Set data quality

Estimating data quality is important.

It ain’t what you don’t know that gets you into trouble. It’s what you know for sure that just ain’t so.

You can set the data quality for any of your own Amphora. Data quality is on a 1-4 scale where 4 is the best and 1 is the worst. Unknown data quality should not be scored.

Data quality is scored across 4 dimensions

  • Completeness
  • Accuracy
  • Reliability
  • Granularity

Set data quality through the SDK

You need to set the data quality through the SDK. The python command is

amphora_quality_set(amphora_id,quality)

Here quality is a dictionary with keys completeness, accuracy, reliability, granularity.

We are looking at expanding this functionality to the web app soon.

An example is

amphora_quality_set("0fa0de57-d7b5-467e-a869-a79e318cb3ec",{completeness: 4, accuracy: 4, reliability: 1, granularity: 2})

Use the reference framework for data quality where possible

Completeness

Completeness refers to how much data is there vs how much data there should be.

For example, if you have a 5Ha image and only 4Ha of data is there, its 80% complete.

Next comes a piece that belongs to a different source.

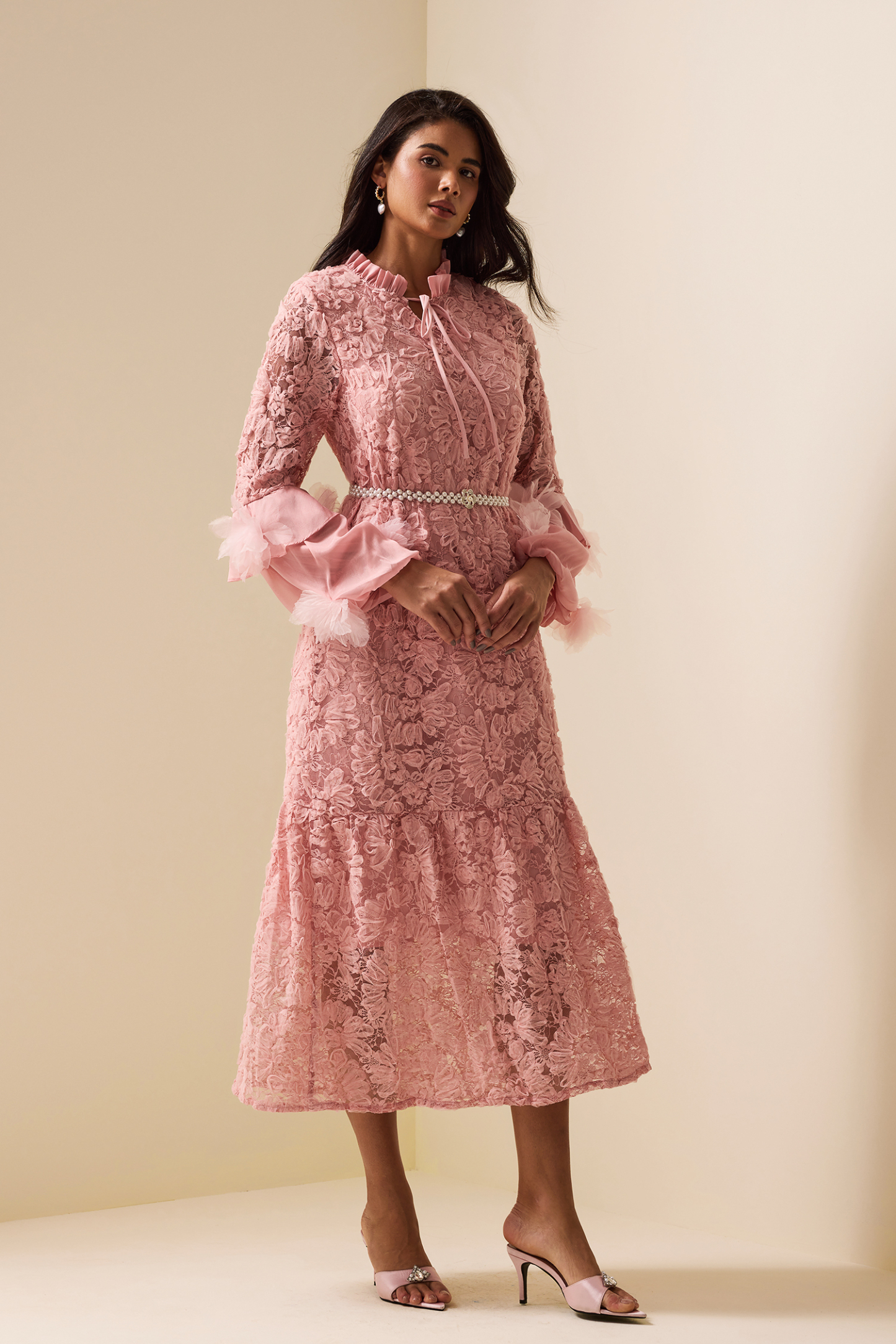 Embroidered Lace Up Long Sleeve Midi Dress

Standard scoring for Completeness is

  • 4: Less than 0.1% of data is missing
  • 3: Between 0.1% and 1% of data is missing
  • 2: Between 1% and 10% of data is missing
  • 1: More than 10% of data is missing

Accuracy

Accuracy refers to how good the data is at describing reality. We need to look at normalised accuracy, and its converse normalised error.

For example, if weather data is given in the nearest degree, nominal accuracy is +/- 0.5 degrees. Normalised accuracy is +/-0.5 / average temperature range of 25 degrees = 2%

Standard scoring for Accuracy is

  • 4: Normalised error is less than 0.1%
  • 3: Normalised error is between 0.1% and 1%
  • 2: Normalised error is between 1% and 10%
  • 1: Normalised error is more than 10%

Don't score accuracy for untested models

Reliability

Reliability refers to how much variation there is in an output for a given input. Along with Accuracy, it measures the variation, error and stochasticity in the data. However Accuracy and Reliability are not the same.

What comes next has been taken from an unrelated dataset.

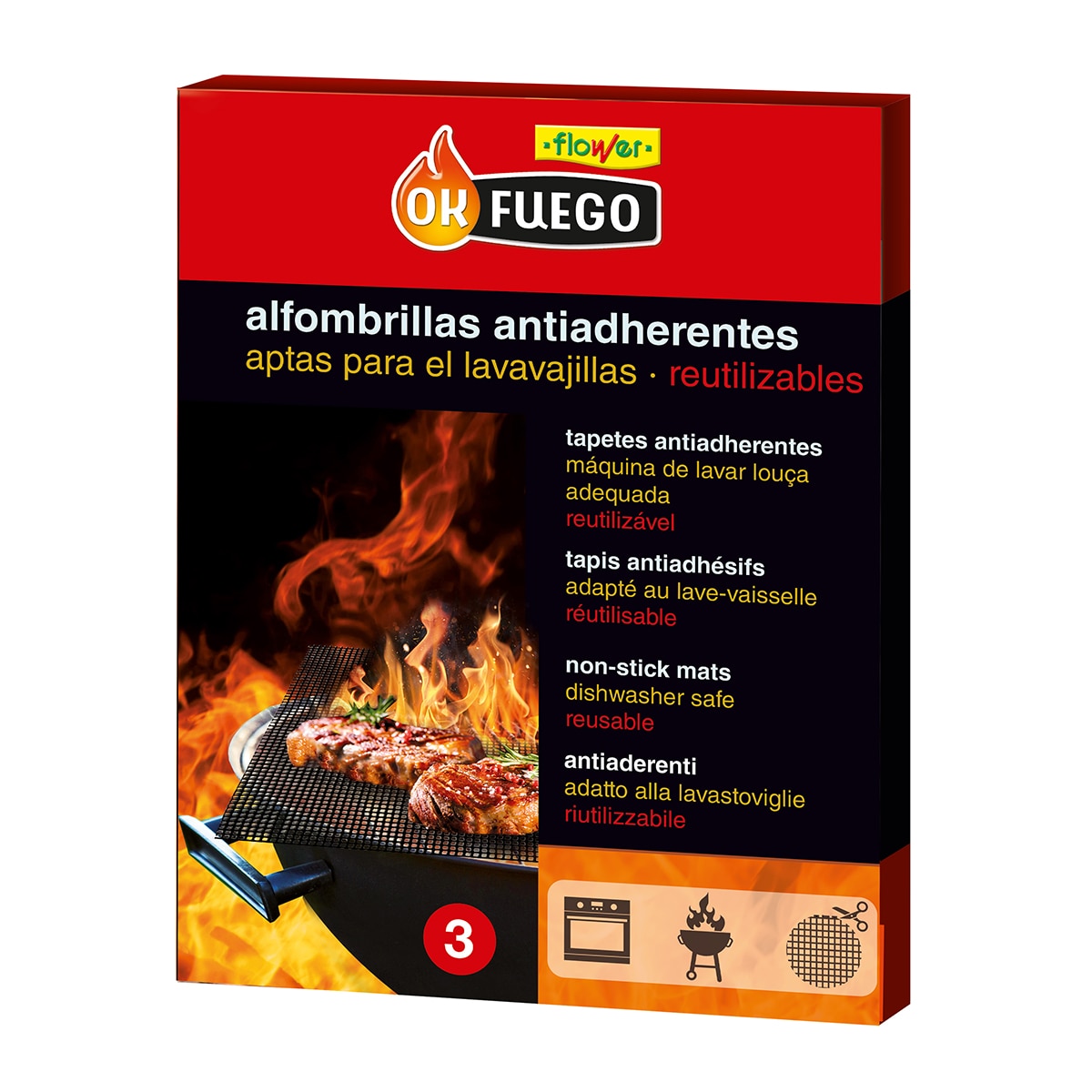 Imagem 0 de Malha de Grelha Antiaderente para Barbecue 4 Unidades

For example, if a model run with the same parameters has an output varying up to 5%, then the Realiability is 95%

Standard scoring for Reliability is

  • 4: Output varies less than 0.1% for given input
  • 3: Output varies between 0.1% and 1% for given input
  • 2: Output varies between 1% and 10% for given input
  • 1: Output varies more than 10% for given input

A dataset can be highly accurate with low reliability and vice versa.

Granularity

Granualarity refers to the smallest unit the data can resolve.

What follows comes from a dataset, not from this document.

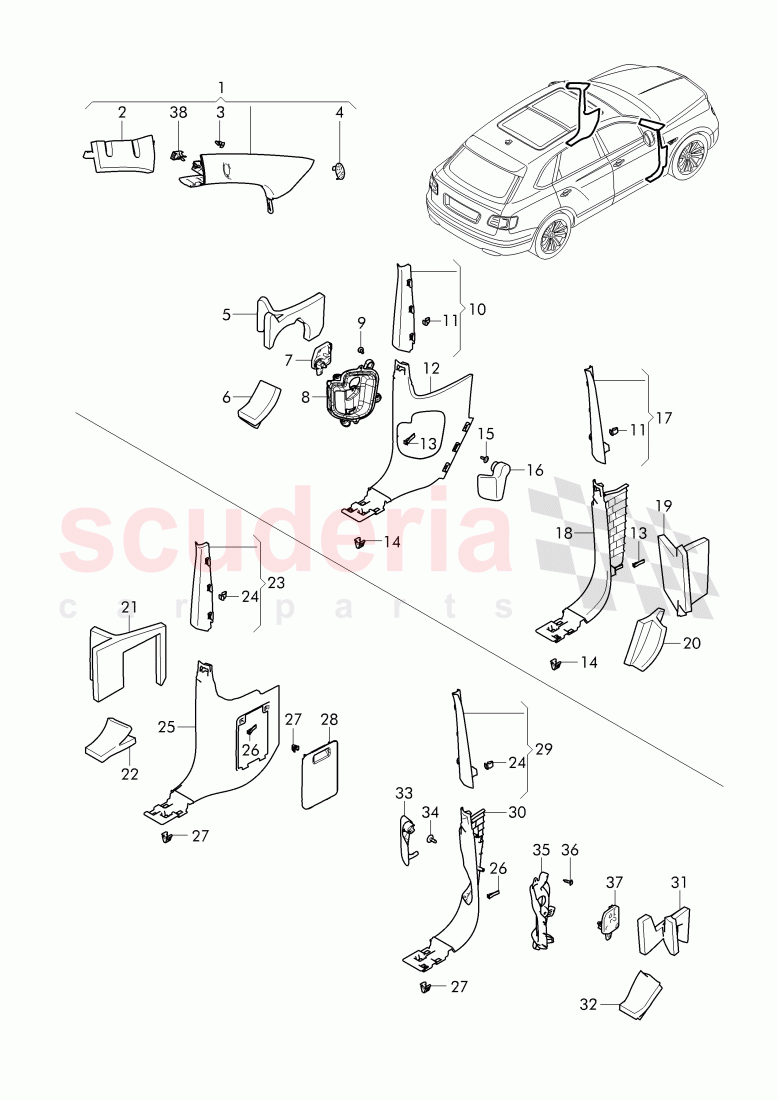 lining, pillar a of Bentley Bentley Bentayga (2015-2020)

For example, if you have a satellite image which can resolve 50cm objects, Granularity is 0.5M

Scoring for Granularity is given for both spatial and temporal Granularity

Standard scoring for spatial granularity is

  • 4: Less than 1m resolution
  • 3: Between 1m and 10m resolution
  • 2: Between 10m and 100m resolution
  • 1: More than 100m resolution

Standard scoring for temporal granularity is

  • 4: Less than 1 minute resolution
  • 3: Between 1 minute and 1 hour resolution
  • 2: Between 1 hour and 1 day resolution
  • 1: More than 1 day resolution

Should I score the model or the data or the source?

You should score the worst option. For example, if a time-series model gives 1 second resolution but the data you are pulling only has 1 hr, score it as 1 hr.

What should I do if these reference frameworks aren't appropraite?

You can make your own reference framework. Just add it to the description in the Amphora.

You can share your framework, and we can put it here, if you think others may benefit too.